Herbicide group: M, Inhibitors of EPSP synthase
Resistance risk: Moderate
Picloram 44.7 g/L + Aminopyralid 4.47 g/L
(Vigilant II ®)
Comments: Cut stump application. Apply a 3-5 mm layer of gel for stems less than 20 mm. Apply a 5 mm layer on stems above 20 mm.
Withholding period: Nil.
Herbicide group: I, Disruptors of plant cell growth (synthetic auxins)
Resistance risk: Moderate
The content provided here is for information purposes only and is taken from the Biosecurity Act 2015 and its subordinate legislation, and the Regional Strategic Weed Management Plans (published by each Local Land Services region in NSW). It describes the state and regional priorities for weeds in New South Wales, Australia.
|All of NSW||General Biosecurity Duty
All pest plants are regulated with a general biosecurity duty to prevent, eliminate or minimise any biosecurity risk they may pose. Any person who deals with any plant, who knows (or ought to know) of any biosecurity risk, has a duty to ensure the risk is prevented, eliminated or minimised, so far as is reasonably practicable.

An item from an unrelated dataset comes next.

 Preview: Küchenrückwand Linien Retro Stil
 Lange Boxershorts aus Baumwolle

Regional Recommended Measure* (for Regional Priority - Prevention)
Land managers should mitigate the risk of the plant being introduced to their land. Land managers should eradicate the plant from the land and keep the land free of the plant. A person should not deal with the plant, where dealings include but are not limited to buying, selling, growing, moving, carrying or releasing the plant. Notify local control authority if found.

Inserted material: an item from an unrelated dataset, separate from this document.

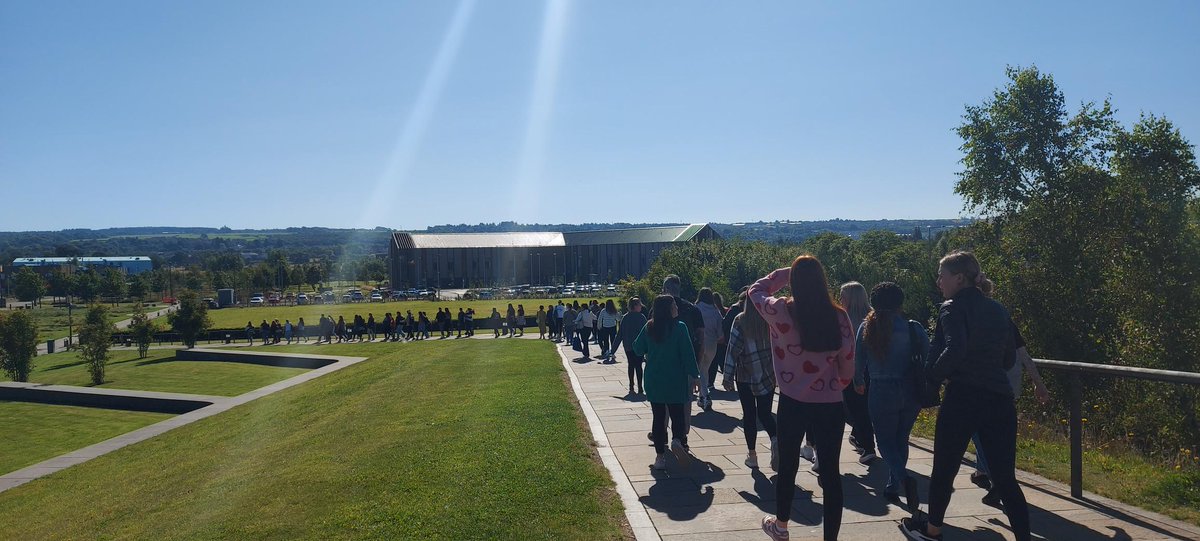 Our 2023 BSc Nursing students undertook The Undergraduate Mile a Day for the 1st time today #TUMAD. We chose a mile from Centre for Health Science over the Golden Bridge, passed the <a href="/NHSH_NTC/">National Treatment Centre Highland</a> to Aurora House. Beautiful weather, amazing company. 🚶‍♀️🚶😀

Regional Recommended Measure* (for Regional Priority - Eradication)
Notify local control authority if found. Land managers should eradicate the plant from the land and keep the land free of the plant. A person should not deal with the plant, where dealings include but are not limited to buying, selling, growing, moving, carrying or releasing the plant.

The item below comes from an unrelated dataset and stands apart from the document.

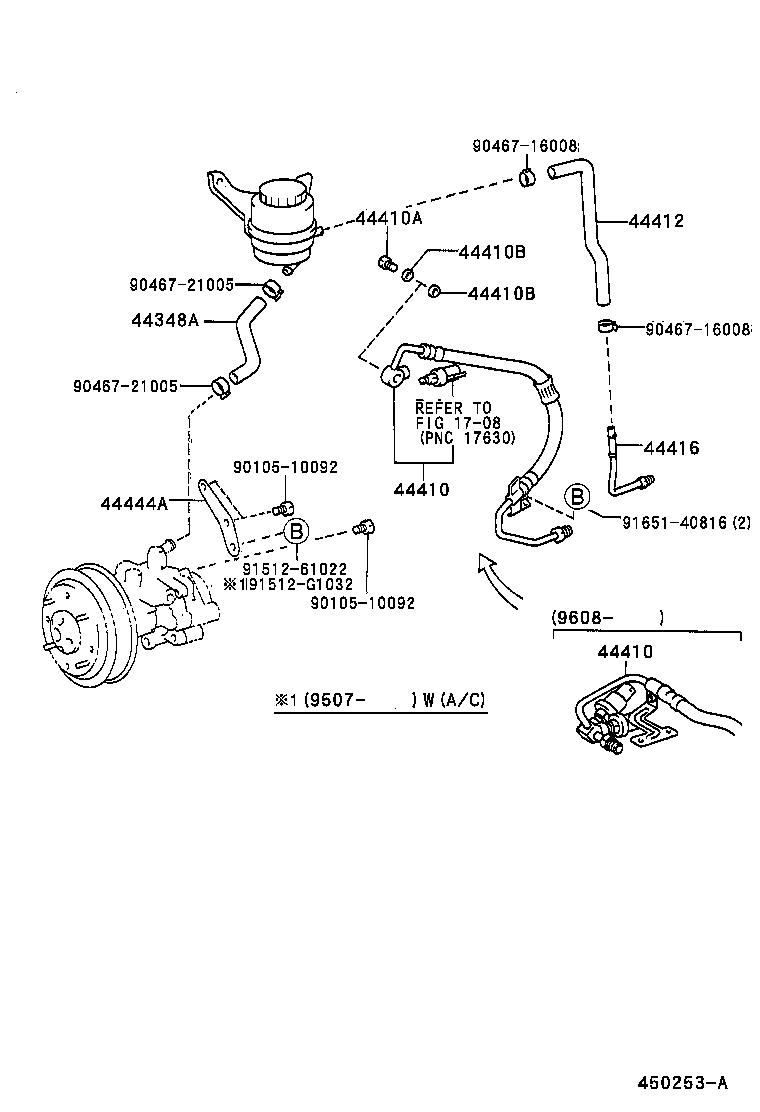 44348-28150 HOSE, OIL RESERVOIR TO PUMP, NO.1 product image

An exclusion zone is established for all land in the North Coast region, except the core infestation (containment) zone in the Coffs Harbour City LGA.
Regional Recommended Measure* (for Regional Priority - Containment)
Whole of region: Land managers should mitigate the risk of the plant being introduced to their land. A person should not buy, sell, move, carry or release the plant into the environment. Exclusion zone: Notify local control authority if found. Land managers should eradicate the plant from the land and keep the land free of the plant. Core infestation: Land managers should mitigate spread of the plant from their land. Land managers should reduce the impact of the plant on assets of high economic, environmental and/or social value.